The key challenge to any operator is to ensure its long-term viability and to ensure that it continues to achieve the profitability metrics demanded by the market such as high EBITDA margins (40%+ in MEA ) which can only be maintained by ruthless cost cutting and innovative revenue generation.  I contend that too many African operators are obsessed with augmenting their declining voice revenues with data services.  The challenges to this are alluded to above.   The segment of the population that can afford these services is small and probably already at their limit of affordability.

To date the mobile (mainly voice) market is largely made up of pre-paid customers ( 97% +) and the balance a very small elite of post-paid customers.  The majority of pre-paid customers ( over 50% of them ) have at least 2 SIM cards so that they can always benefit from promotions and deals.  Their ARPU has declined roughly from $10 (per month) down to below $4 in most markets in Africa.

There is another market segment that remains untried and untested that should be targeted if MNO’s are to maintain or even grow profitability.  These are the potential customers at the bottom of the pyramid (BOP) who today don’t even have a phone.  They are the unconnected.

Why would one want to target them?  They aspire to be connected.  The chances are they know someone with a phone.  It may be a family member or a work colleague.  Even though that person may live somewhere else.  Nevertheless there is a mutual desire for communication.

We hear from the analysts that Africa has a billion and a half mobile phone subscribers.  For reasons articulated above the fact is that the number of (unique subscribers) is closer to half of that because of multiple SIM card ownership.  Many Africans have never made a call.   There is an opportunity for MNO’s to connect many of these new customers by allowing them to make ‘free’ calls.

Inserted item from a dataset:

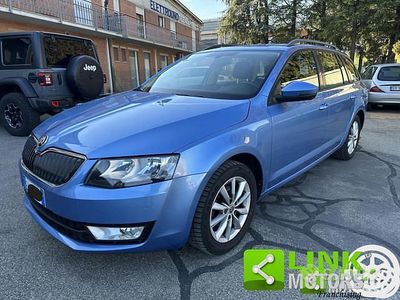 Usata Skoda Octavia 105 CV (77 kW) 2014 Blu Utilitaria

These free calls will be a call to action for a connected customer to call back.  It is the natural evolution of the missed call phenomenon.   Today missed calls account for up to 40% of voice calls on many networks and are responsible for tying up significant network spectrum and capacity.  Missed calls are made to convey a message, pre-negotiated between A and B (caller and called), usually – ‘please call back’.

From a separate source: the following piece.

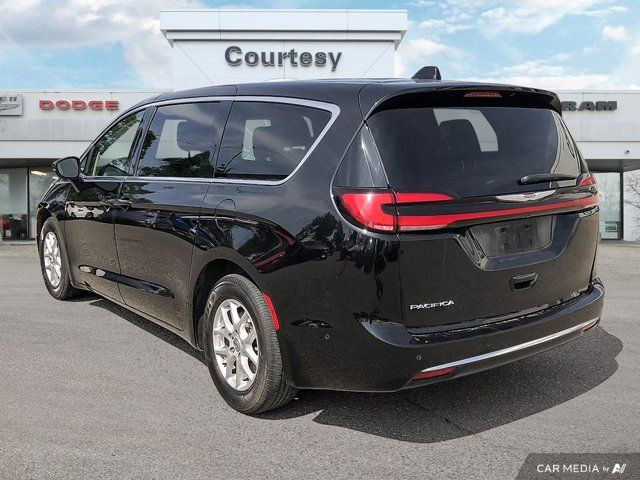 2023 Chrysler Pacifica Touring L | Leather in Cars & Trucks in Calgary - Image 3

Today in order to make a missed call – the subscriber needs to have a phone, a pre-paid subscription and a minimum balance in order to be able to initiate the call.   Most Africans don’t have that.  They can barely put food on the table let alone put airtime onto a mobile phone.

By putting special SIM cards into the hands of these BOP customers MNO’s will be able to ‘light up’ a new market segment.  The so-called O3B – the other 3 billion people on the planet who are not connected.   These SIM cards with zero balance but suitably configured will lead to the generation of incremental calls (back to them) by the empowered (existing) base.   There is a new generation all IP MVNO that is delivering this solution to MNOs virtually, in the Cloud, without any capex/opex and without any change in mass missed calling behaviour.

After many years of IPR development and engineering the company has created a smart core signalling technology for delivering the ‘missed call’ info to existing subscribers without hogging network capacity.   A highly distilled switch that delivers over a billion connections per day on a single node.  There is thus no incremental network investment required.  The existing network infrastructure suffices.  The asset is sweated.   The incremental revenues go straight to the bottom line as there is minimal cost associated with the new traffic.  Trials have been held in Africa and in India.  The take-up of the service has been strong and the benefits to the MNO manifest.

Voila!  The MNO’s challenge of maintaining profitability is met.

[1] For Sub-Saharan Africa you can replace with South East Asia where the dynamics are the same.